*** Records provided Section Begins ***
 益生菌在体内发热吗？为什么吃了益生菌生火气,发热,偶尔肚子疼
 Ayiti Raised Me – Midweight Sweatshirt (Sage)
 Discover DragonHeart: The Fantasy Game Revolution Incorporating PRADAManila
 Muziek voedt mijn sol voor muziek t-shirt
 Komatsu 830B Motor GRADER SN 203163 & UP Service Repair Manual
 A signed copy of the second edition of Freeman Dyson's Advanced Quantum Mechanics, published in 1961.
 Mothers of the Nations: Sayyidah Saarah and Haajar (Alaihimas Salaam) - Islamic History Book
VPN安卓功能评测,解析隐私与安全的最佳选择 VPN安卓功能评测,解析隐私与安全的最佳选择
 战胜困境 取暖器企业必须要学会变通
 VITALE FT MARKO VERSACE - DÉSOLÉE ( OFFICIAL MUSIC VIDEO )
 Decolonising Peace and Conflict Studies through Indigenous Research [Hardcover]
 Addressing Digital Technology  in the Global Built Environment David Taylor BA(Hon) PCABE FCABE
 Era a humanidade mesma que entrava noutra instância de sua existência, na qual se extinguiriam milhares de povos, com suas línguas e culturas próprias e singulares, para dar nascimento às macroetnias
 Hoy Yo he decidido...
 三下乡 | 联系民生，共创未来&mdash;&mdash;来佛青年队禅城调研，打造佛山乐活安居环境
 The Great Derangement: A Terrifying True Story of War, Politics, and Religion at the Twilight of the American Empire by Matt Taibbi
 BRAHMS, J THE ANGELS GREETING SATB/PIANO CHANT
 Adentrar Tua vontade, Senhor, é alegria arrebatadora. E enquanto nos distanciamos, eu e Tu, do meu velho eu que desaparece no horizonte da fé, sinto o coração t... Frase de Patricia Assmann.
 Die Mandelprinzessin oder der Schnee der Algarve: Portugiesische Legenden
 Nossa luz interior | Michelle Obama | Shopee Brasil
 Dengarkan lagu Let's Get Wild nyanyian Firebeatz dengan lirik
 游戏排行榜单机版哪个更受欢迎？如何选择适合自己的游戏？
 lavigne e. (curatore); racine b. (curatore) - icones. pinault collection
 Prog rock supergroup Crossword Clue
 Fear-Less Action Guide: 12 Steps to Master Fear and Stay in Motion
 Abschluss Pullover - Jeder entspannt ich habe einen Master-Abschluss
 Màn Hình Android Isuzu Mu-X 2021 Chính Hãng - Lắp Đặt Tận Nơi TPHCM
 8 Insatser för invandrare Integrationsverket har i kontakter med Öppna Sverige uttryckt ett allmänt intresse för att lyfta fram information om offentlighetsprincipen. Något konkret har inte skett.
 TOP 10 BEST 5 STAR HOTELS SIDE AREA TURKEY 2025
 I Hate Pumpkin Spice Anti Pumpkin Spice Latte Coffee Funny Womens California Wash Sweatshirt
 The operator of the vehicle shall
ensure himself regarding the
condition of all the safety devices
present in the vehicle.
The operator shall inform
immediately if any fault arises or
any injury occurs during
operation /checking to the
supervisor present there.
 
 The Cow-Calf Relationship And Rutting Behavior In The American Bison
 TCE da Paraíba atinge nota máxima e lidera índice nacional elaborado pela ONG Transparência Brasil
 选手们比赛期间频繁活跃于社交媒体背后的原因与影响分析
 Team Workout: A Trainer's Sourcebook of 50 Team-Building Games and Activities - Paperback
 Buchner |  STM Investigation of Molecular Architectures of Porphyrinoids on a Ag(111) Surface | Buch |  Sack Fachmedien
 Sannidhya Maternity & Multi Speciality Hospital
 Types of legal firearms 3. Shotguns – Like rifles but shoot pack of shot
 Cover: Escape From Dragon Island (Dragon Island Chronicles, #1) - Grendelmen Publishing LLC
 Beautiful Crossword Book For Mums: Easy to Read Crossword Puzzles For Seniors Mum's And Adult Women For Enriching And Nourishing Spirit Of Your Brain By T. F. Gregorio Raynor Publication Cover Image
*** Records provided Section Ends ***
This calls for repeating all of the records, character for character.

[Expected answer]
 益生菌在体内发热吗？为什么吃了益生菌生火气,发热,偶尔肚子疼
 Ayiti Raised Me – Midweight Sweatshirt (Sage)
 Discover DragonHeart: The Fantasy Game Revolution Incorporating PRADAManila
 Muziek voedt mijn sol voor muziek t-shirt
 Komatsu 830B Motor GRADER SN 203163 & UP Service Repair Manual
 A signed copy of the second edition of Freeman Dyson's Advanced Quantum Mechanics, published in 1961.
 Mothers of the Nations: Sayyidah Saarah and Haajar (Alaihimas Salaam) - Islamic History Book
VPN安卓功能评测,解析隐私与安全的最佳选择 VPN安卓功能评测,解析隐私与安全的最佳选择
 战胜困境 取暖器企业必须要学会变通
 VITALE FT MARKO VERSACE - DÉSOLÉE ( OFFICIAL MUSIC VIDEO )
 Decolonising Peace and Conflict Studies through Indigenous Research [Hardcover]
 Addressing Digital Technology  in the Global Built Environment David Taylor BA(Hon) PCABE FCABE
 Era a humanidade mesma que entrava noutra instância de sua existência, na qual se extinguiriam milhares de povos, com suas línguas e culturas próprias e singulares, para dar nascimento às macroetnias
 Hoy Yo he decidido...
 三下乡 | 联系民生，共创未来&mdash;&mdash;来佛青年队禅城调研，打造佛山乐活安居环境
 The Great Derangement: A Terrifying True Story of War, Politics, and Religion at the Twilight of the American Empire by Matt Taibbi
 BRAHMS, J THE ANGELS GREETING SATB/PIANO CHANT
 Adentrar Tua vontade, Senhor, é alegria arrebatadora. E enquanto nos distanciamos, eu e Tu, do meu velho eu que desaparece no horizonte da fé, sinto o coração t... Frase de Patricia Assmann.
 Die Mandelprinzessin oder der Schnee der Algarve: Portugiesische Legenden
 Nossa luz interior | Michelle Obama | Shopee Brasil
 Dengarkan lagu Let's Get Wild nyanyian Firebeatz dengan lirik
 游戏排行榜单机版哪个更受欢迎？如何选择适合自己的游戏？
 lavigne e. (curatore); racine b. (curatore) - icones. pinault collection
 Prog rock supergroup Crossword Clue
 Fear-Less Action Guide: 12 Steps to Master Fear and Stay in Motion
 Abschluss Pullover - Jeder entspannt ich habe einen Master-Abschluss
 Màn Hình Android Isuzu Mu-X 2021 Chính Hãng - Lắp Đặt Tận Nơi TPHCM
 8 Insatser för invandrare Integrationsverket har i kontakter med Öppna Sverige uttryckt ett allmänt intresse för att lyfta fram information om offentlighetsprincipen. Något konkret har inte skett.
 TOP 10 BEST 5 STAR HOTELS SIDE AREA TURKEY 2025
 I Hate Pumpkin Spice Anti Pumpkin Spice Latte Coffee Funny Womens California Wash Sweatshirt
 The operator of the vehicle shall
ensure himself regarding the
condition of all the safety devices
present in the vehicle.
The operator shall inform
immediately if any fault arises or
any injury occurs during
operation /checking to the
supervisor present there.
 
 The Cow-Calf Relationship And Rutting Behavior In The American Bison
 TCE da Paraíba atinge nota máxima e lidera índice nacional elaborado pela ONG Transparência Brasil
 选手们比赛期间频繁活跃于社交媒体背后的原因与影响分析
 Team Workout: A Trainer's Sourcebook of 50 Team-Building Games and Activities - Paperback
 Buchner |  STM Investigation of Molecular Architectures of Porphyrinoids on a Ag(111) Surface | Buch |  Sack Fachmedien
 Sannidhya Maternity & Multi Speciality Hospital
 Types of legal firearms 3. Shotguns – Like rifles but shoot pack of shot
 Cover: Escape From Dragon Island (Dragon Island Chronicles, #1) - Grendelmen Publishing LLC
 Beautiful Crossword Book For Mums: Easy to Read Crossword Puzzles For Seniors Mum's And Adult Women For Enriching And Nourishing Spirit Of Your Brain By T. F. Gregorio Raynor Publication Cover Image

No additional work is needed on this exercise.